That's a cool explanation!

CL


----------



## Rivendell_librarian (Mar 3, 2020)

I guess Peter and the Wolf is another example like Little Red Riding Hood Thanks for this S-e S: well thought through.

So it seems orcs would eat meat (inc cannibalism) and grain (bread, maybe rice) but they wouldn't eat their greens and likely not root vegetables or fruit.


----------



## Squint-eyed Southerner (Mar 12, 2020)

I'd imagine they'd eat just about any "normal" food they could get ahold of.

BTW, there's a thread about food in general in ME around here somewhere.


----------



## Olorgando (Mar 13, 2020)

Rivendell_librarian said:


> ...
> So it seems orcs would eat meat (inc cannibalism) and grain (bread, maybe rice) but they wouldn't eat their greens and likely not root vegetables or fruit.

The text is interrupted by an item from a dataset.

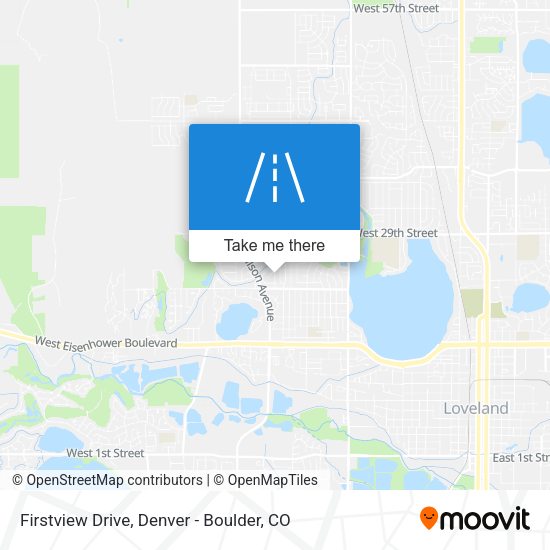 Mapa de Firstview Drive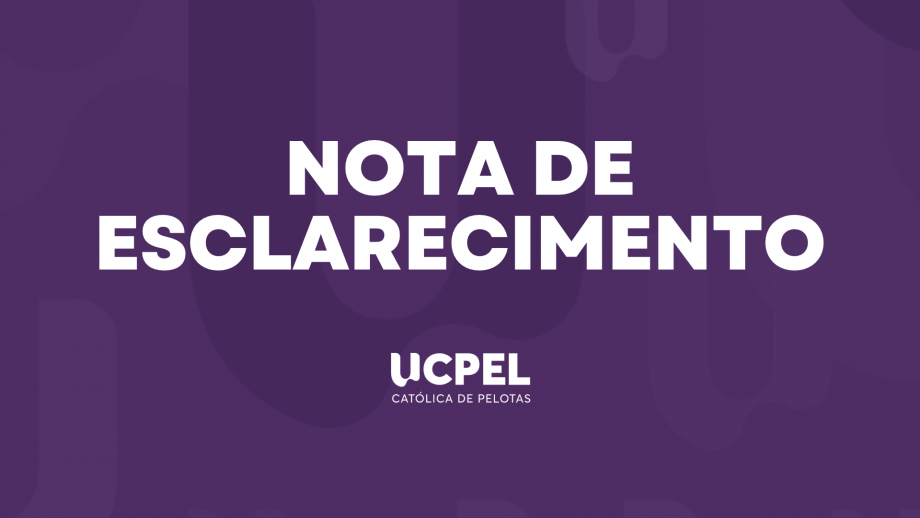 Nota de esclarecimento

Erm ... so it would be easy to spot crypto-Orcs at picnics, I would assume? 🤔


----------



## Aldarion (Mar 14, 2020)

Greater question is one of general logistics. Mordor has no rivers. Animals that pull wagons eat the food themselves. So if whole north of country is in shadow, lot of food must be lost on transport (IIRC, 280 km is range of army with wagons).


----------



## Olorgando (Mar 14, 2020)

If the country traveled through provides opportunities for grazing, feeding the livestock - horses and oxen - is not such an issue. That is why all nomadic cavalry peoples like the Mongols, earlier the Huns and even earlier the Scythians tended to be inhabitants of prairies and steppes. They had severe problem with swampy and / of steeply hilly to mountainous and / or heavily forested regions. Which could have been an issue in Mordor, very much so the closer one got to the plateau of Gorgoroth, which appears to have a north-south expanse of 150 miles or 249 kilometers as per Fonstad's map. And as the region from west to north of the inland sea of Nurnen is named Lithlad or ash plain, that can't have helped. From the closest part of the coast of Nurnen to the border of the plateau of Gorgoroth seems to be another 150 miles or 240 kilometers. That must have posed massive logistics problems for Sauron's forces in Gorgoroth a seen by Sam and Frodo, something JRRT silently glossed over (he does seem often to give the baddies almost unlimited resources without bothering if this was even remotely possible).


----------



## Rivendell_librarian (Mar 14, 2020)

Good point about logistics. I think there are rivers in Mordor running into (out of?) the Sea of Nurnen but none that reach into the plateau of Gorgoroth


----------



## Squint-eyed Southerner (Mar 14, 2020)

However, I _think _I recall Christopher saying parts of the maps had been simplified for publication, and some features left out. Whether that affected the map of Mordor, I don't know.


----------